The origins of the term are somewhat obscure, but it is first noted in historical records in the 16th century, when Henry VIII besieged Pope Clement VII with around eighty or so petitions for the annulment of his marriage to Catherine of Aragon.

A photo of the petitions from Cardinal Wolsey and others, now stored in the Vatican archives, can be seen on page 106 of "Saints and Sinners, a History of The Popes", by Eamon Duffy (published by Yale University Press in 1997).

The pile of documents can be viewed in all their glory, rolled and stacked in original condition, each one sealed and bound with the obligatory red tape, as was the custom.

The tradition continued through to the 17th and 18th century.
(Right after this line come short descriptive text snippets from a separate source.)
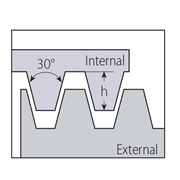 Picture of 4HIR4.0TRVTX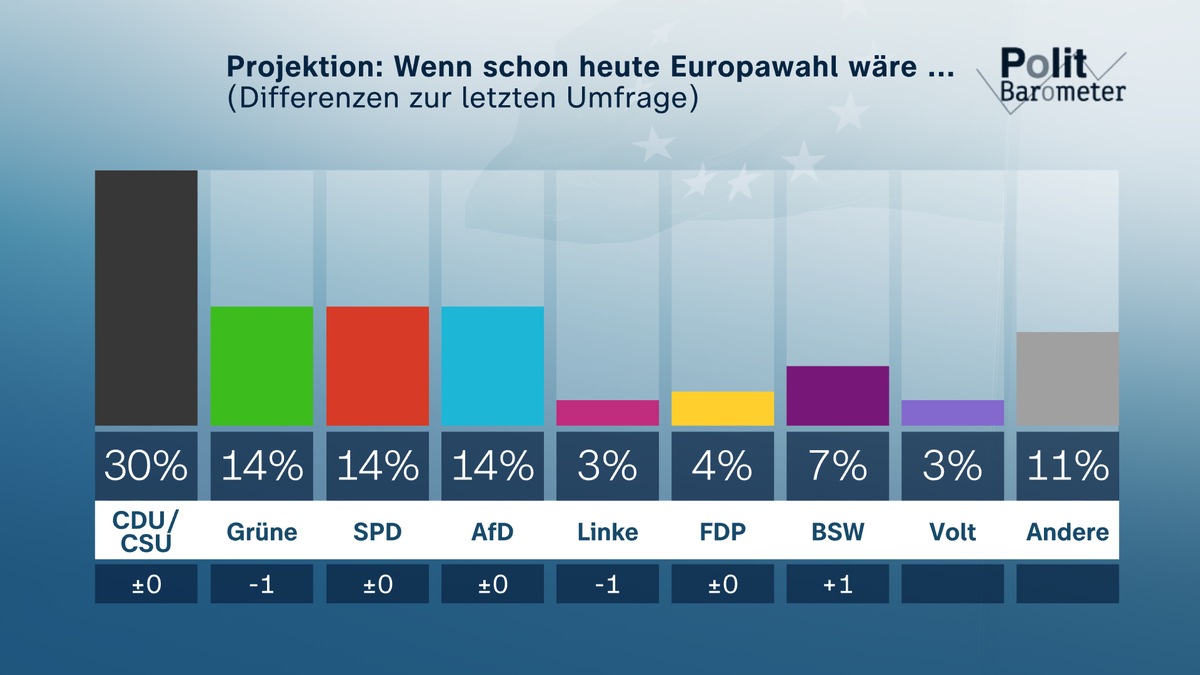 ZDF-Politbarometer Extra Europa Juni 2024 / Union klar stärkste Partei – Rennen um Platz zwei noch offen/Relativ hohes Interesse an der Europawahl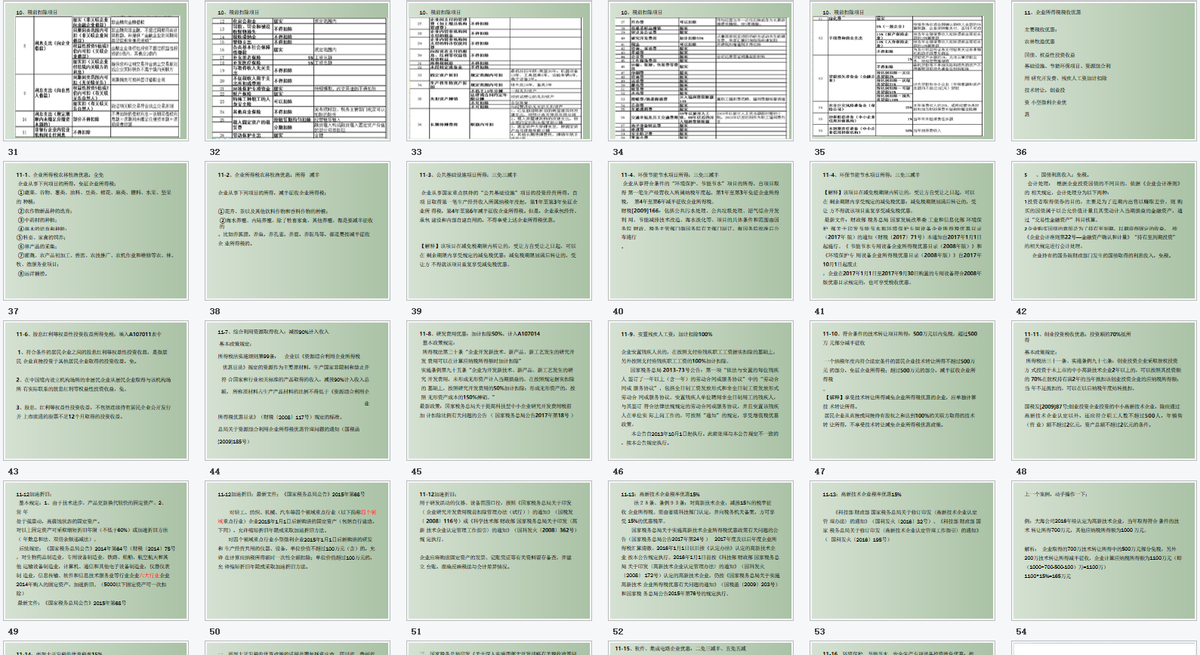 企业所得税如何汇算清缴？一文解答你汇算清缴中遇到的所有问题
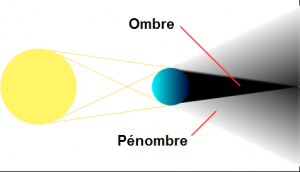 Cone d'ombre.png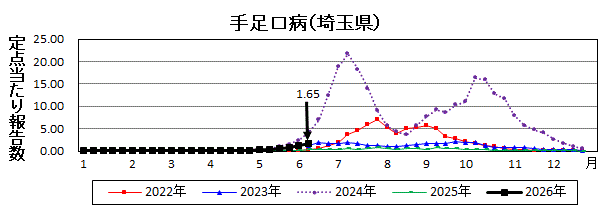 手足口病流行グラフ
Although Charles Dickens is believed to have used the phrase before Thomas Carlyle, the English practice of binding documents and official papers with red tape was popularised in the writings of Carlyle protesting against official inertia with expressions like "Little other than a red tape Talking-machine, and unhappy Bag of Parliamentary Eloquence".
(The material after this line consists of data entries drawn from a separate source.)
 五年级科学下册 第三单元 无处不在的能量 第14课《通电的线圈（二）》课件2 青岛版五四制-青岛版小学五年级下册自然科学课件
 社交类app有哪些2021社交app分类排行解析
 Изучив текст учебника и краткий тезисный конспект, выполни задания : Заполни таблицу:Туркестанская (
To this day, most barristers' briefs are tied in a pink-coloured ribbon known as "pink tape" or "legal tape". Government briefs are usually bound with white tape, introduced as an economy measure to save the expense of dyeing the tape red. Traditionally, official Vatican documents were also bound in red cloth tape.

All American Civil War veterans' records were bound in red tape, and the difficulty in accessing them led to the current use of the term, but there is evidence (as detailed above) that the term was in use in its modern sense sometime before this.

Although grief over red tape is often seen as a right-wing conviction,[citation needed] Karl Marx wrote about the phenomenon of changing from one person in control of a complete task, to having multiple people each with specialties in specific tasks.

He saw this occurring as society shifts from a Seigneurial system to a capitalist system. Although Marx drew different conclusions about this trend, it is often this abstraction among workers that is the source of red tape. This interpretation would explain why it is often perceived that the presence of red tape is increasing.